The Gates Foundation made headlines earlier this year when it expanded its board of trustees. In spite of an emphasis on diversity, all the new trustees have close financial ties with the Foundation and share a belief that technology will solve the world's problems such as the appointment of Strive Masiyiwa.
Masiyiwa played a central role in the Gates Foundation-funded Alliance for a Green Revolution in Africa (AGRA) and chaired AGRA from 2013 to 2019, in spite of having, in his own words, "no background in agriculture." After stepping down, he was appointed co-chair of Grow Africa, a platform for private sector investments that are made as part of the New Alliance for Food Security and Nutrition. He is a Zimbabwean billionaire who made his money through telecommunications, he invented an Uber-like app for farmers to rent tractors using mobile money and has advocated for drone use in farming. As is clear in his work and writing, he views African agriculture as a vast and as-yet largely untapped frontier for tech investment and profit, a narrow, tech-focused perspective positions agriculture as only a business. Such programs guided by a singular focus on making agriculture function like a business cause immense difficulties to the individual small-scale farmers who are forced to keep up with the costs and competition involved in industrial (and increasingly digital) farming that threatens and invalidates local and Indigenous understandings of agriculture as simultaneously an economic activity, a cultural practice, and a form of environmental stewardship.

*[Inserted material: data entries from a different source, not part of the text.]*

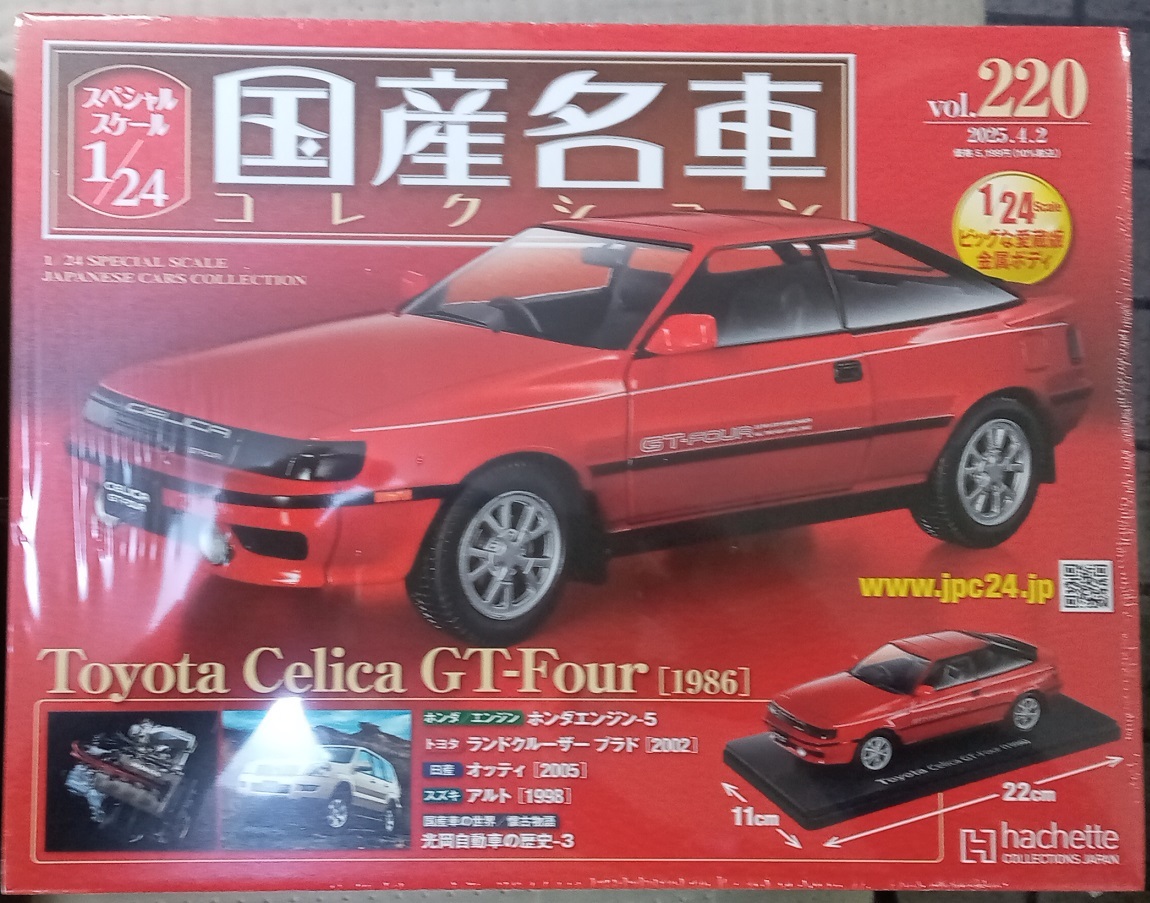 2025年最新】Yahoo!オークション -アシェット セリカの中古品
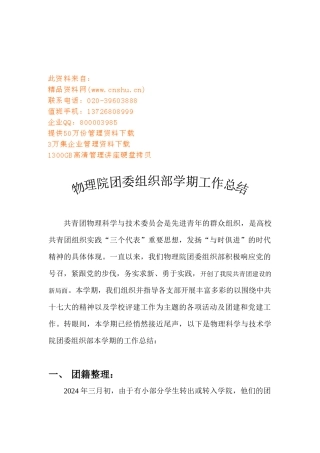 学校团委组织部工作总结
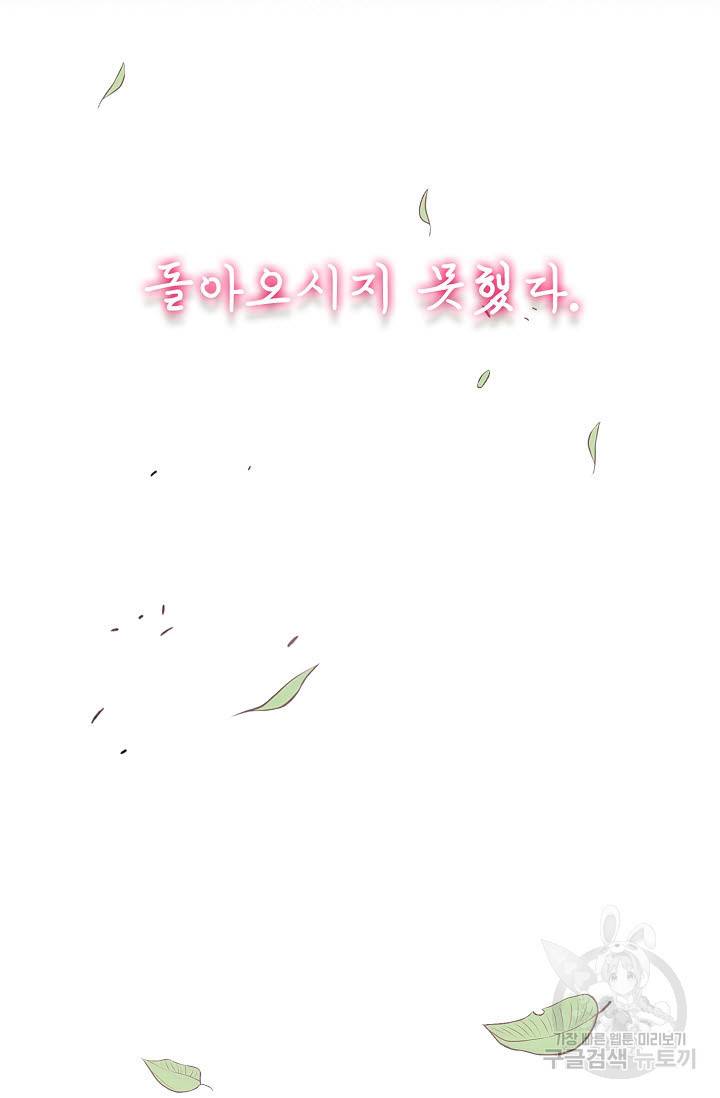 풍운객잔 8화 84
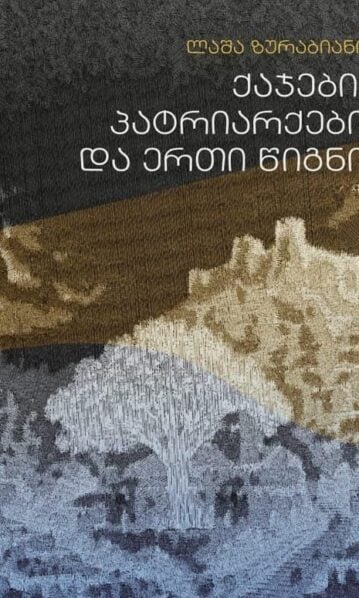 ქაჯები, პატრიარქები და ერთი წიგნი ლაშა ზურაბიანი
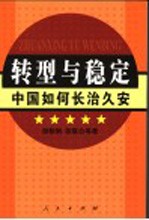 转型与稳定 中国如何长治久安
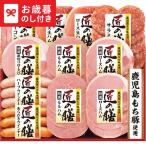  подарок по случаю конца года 2025 подарок лет . Prima ветчина Takumi. сервировочный поднос подарок TZ-SD бесплатная доставка производитель прямая поставка LTDU ветчина подарок по случаю конца года подарок . лет . подарок по случаю конца года специальный ... набор комплект JGS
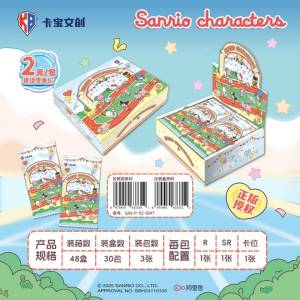 CS DREAMLAND Sanrio Character Card Sanrio Collection Card Cute Cartoon Collection Cards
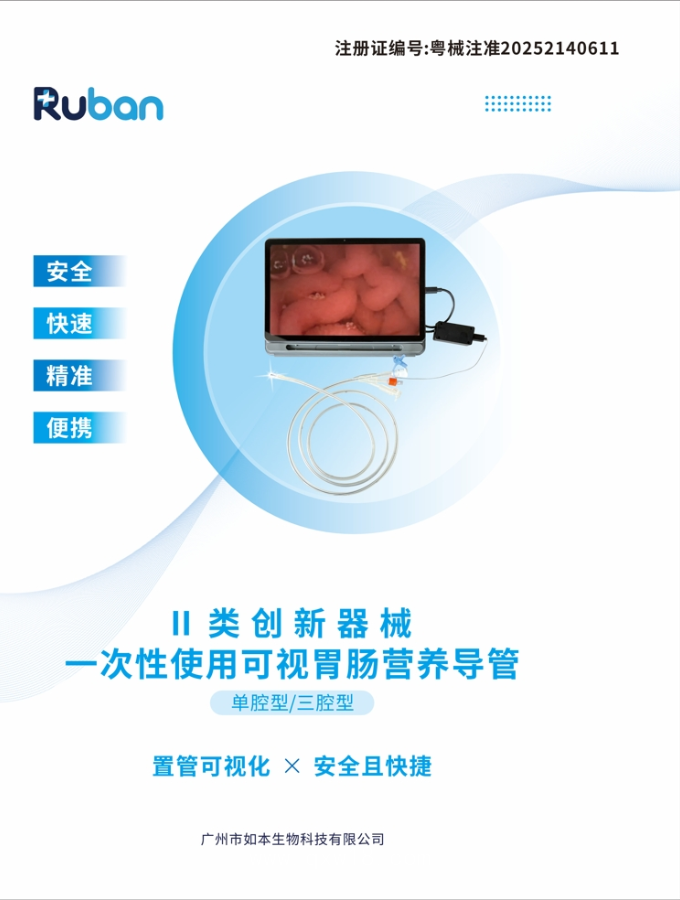 一次性使用可視胃腸營養(yǎng)導(dǎo)管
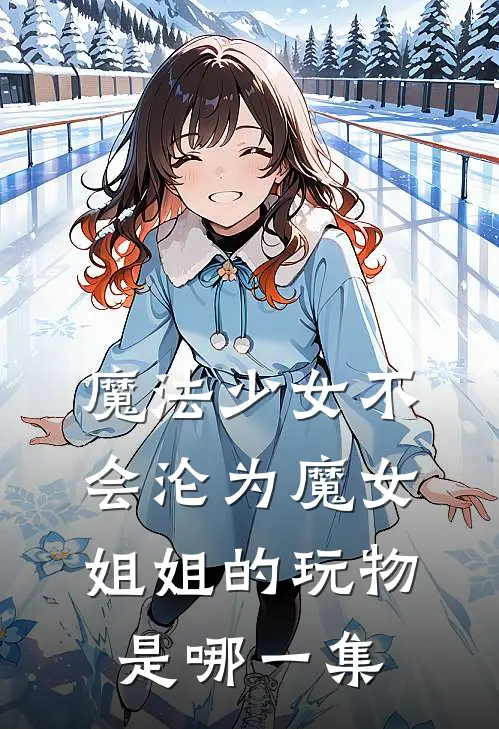 魔法少女不会沦为魔女姐姐的玩物是哪一集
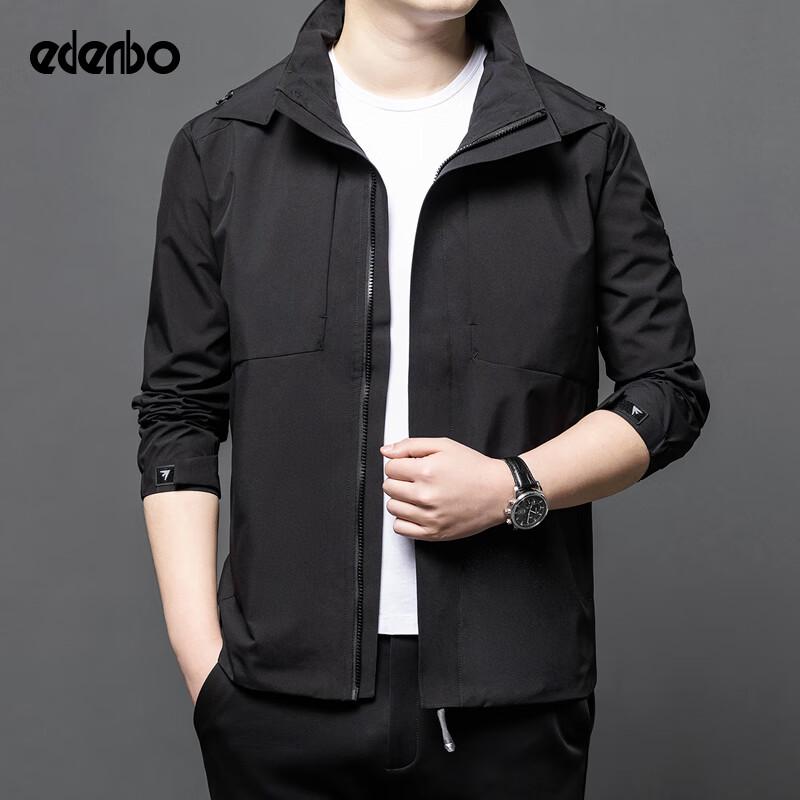 Edenbo Men's Hooded Windproof Casual Jacket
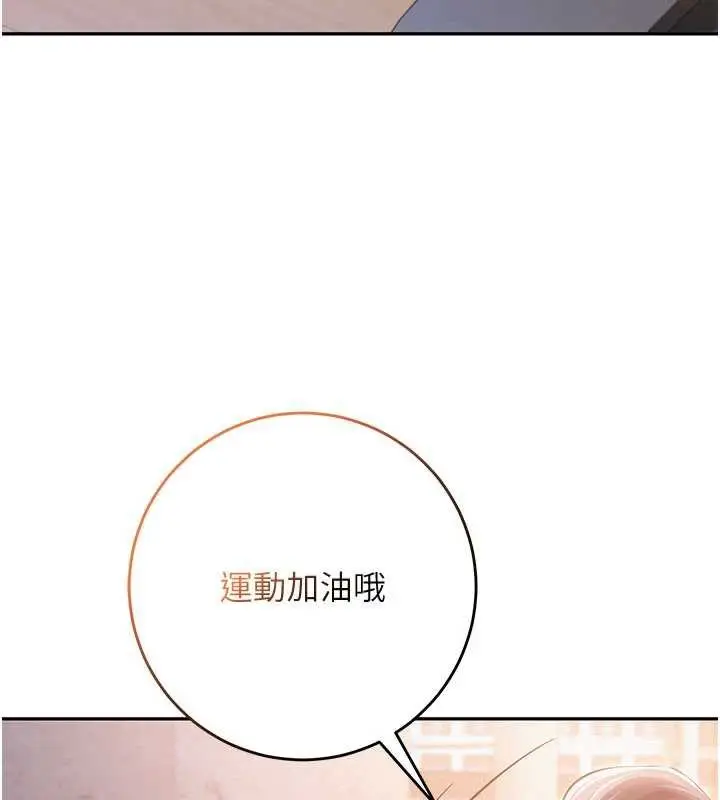 漫画《校园成人礼》第7话第103张图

This is not to deny that some digital innovations can be beneficial. For example, extension services are increasingly using text messages to communicate rainfall data and planting advice, with demonstrated positive effects for certain farmers. The question is do they serve small-scale farmers' needs and enhance their work and lives, or do they help companies and start-ups sell ill-suited products and services while increasing debt and inequality among farmers? Masiyiwa's actual and proposed interventions seem more likely to do the latter. Masiyiwa represents African entrepreneurs, but he doesn't represent or serve the hundreds of millions of small-scale farmers who produce most of the continent's food.